---- RECORD EXCERPTS

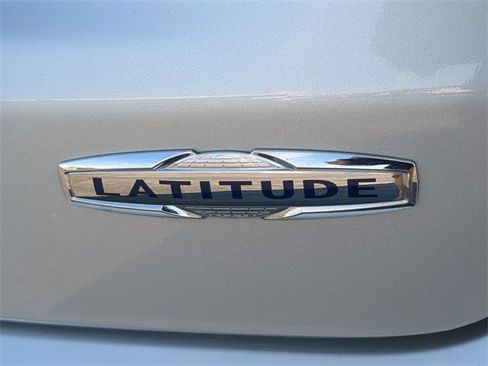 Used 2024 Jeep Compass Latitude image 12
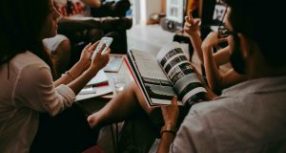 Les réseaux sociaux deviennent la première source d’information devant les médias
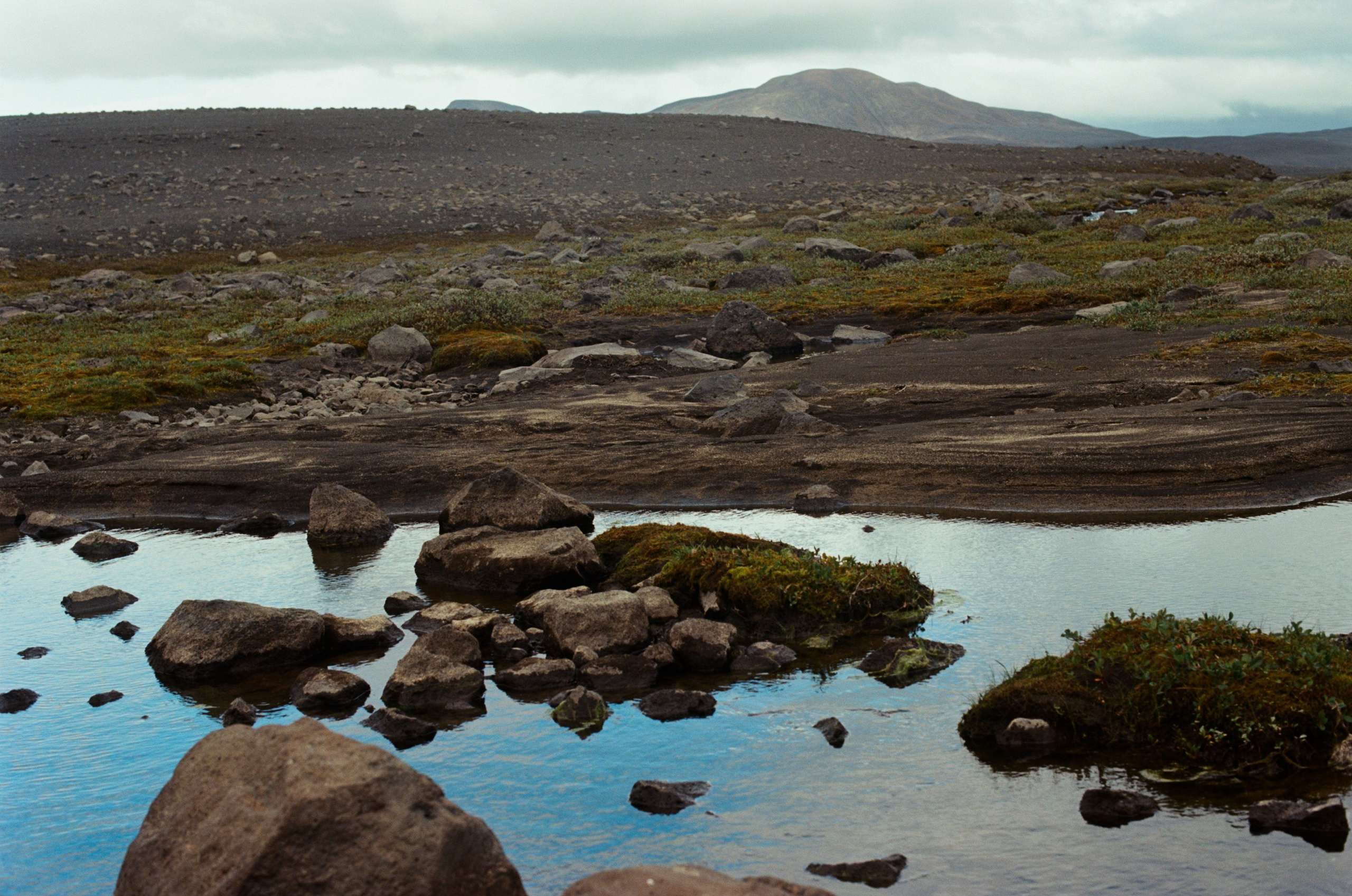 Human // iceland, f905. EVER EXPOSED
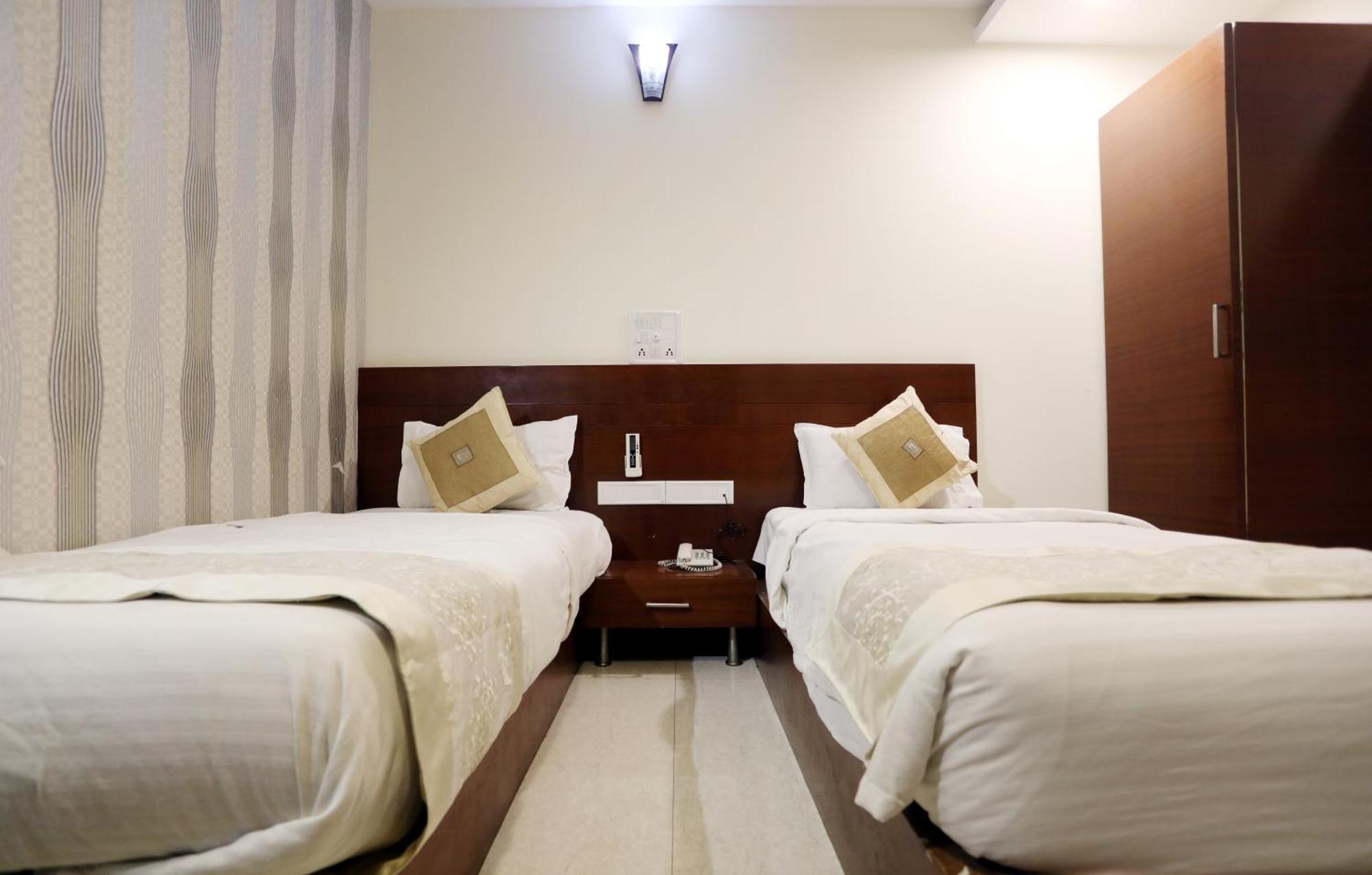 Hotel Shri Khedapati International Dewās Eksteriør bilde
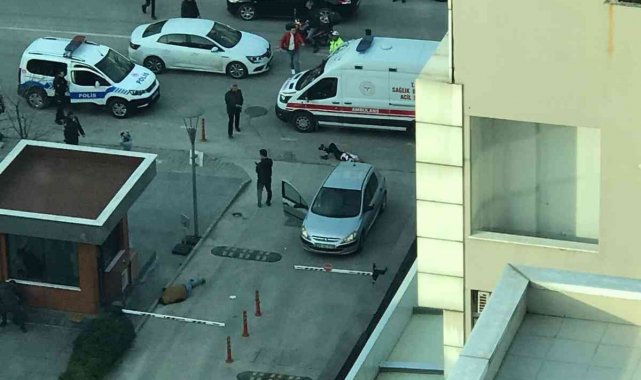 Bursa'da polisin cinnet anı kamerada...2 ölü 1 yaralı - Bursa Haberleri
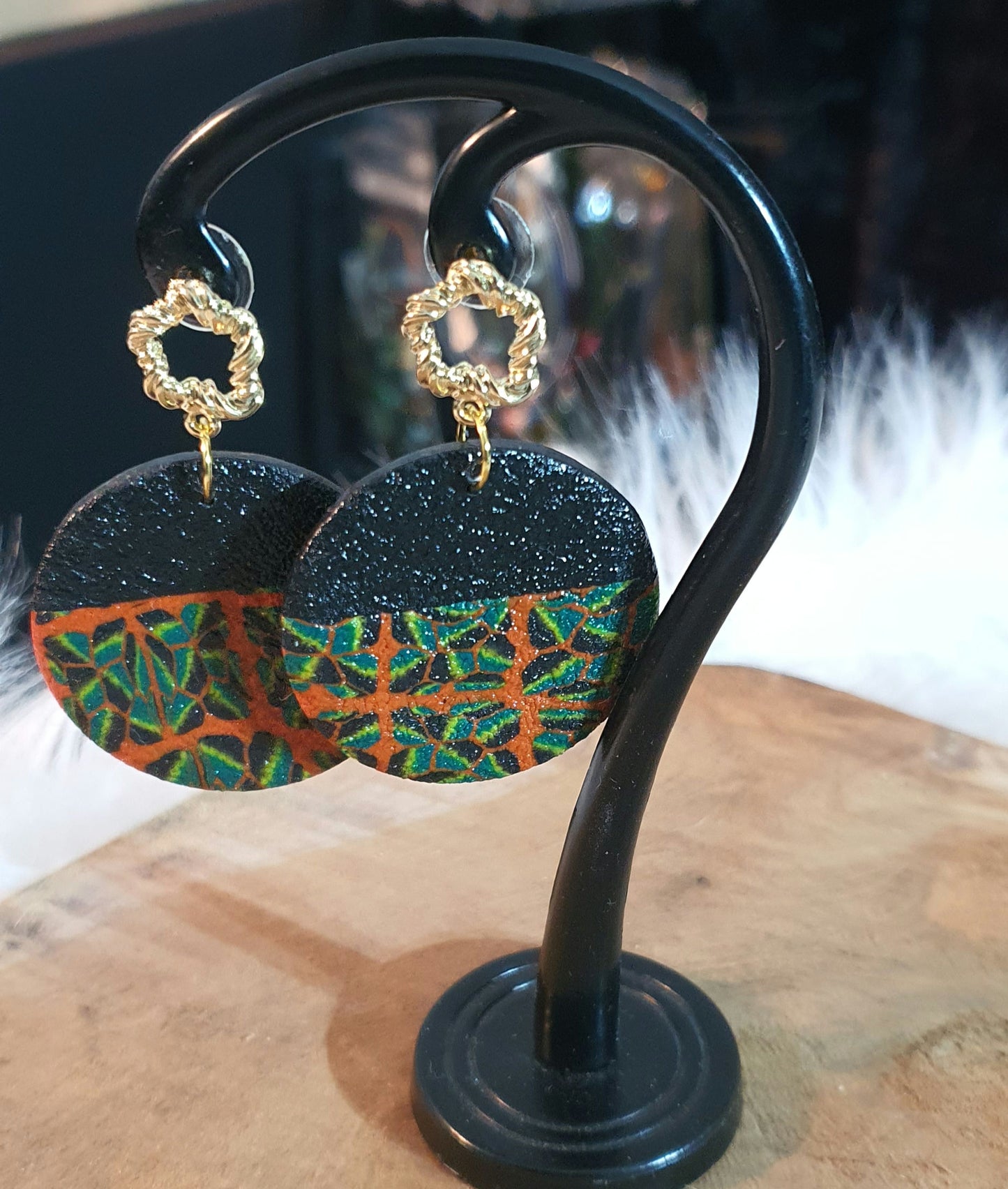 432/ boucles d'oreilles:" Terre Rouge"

--------

> [WORK INSTRUCTIONS] Say again, word for word, every line from the one with "Bursa'da polisin cinnet" through the last line of the data above, minus the pictures.

> [THE ANSWER]
 Bursa'da polisin cinnet anı kamerada...2 ölü 1 yaralı - Bursa Haberleri
 432/ boucles d'oreilles:" Terre Rouge"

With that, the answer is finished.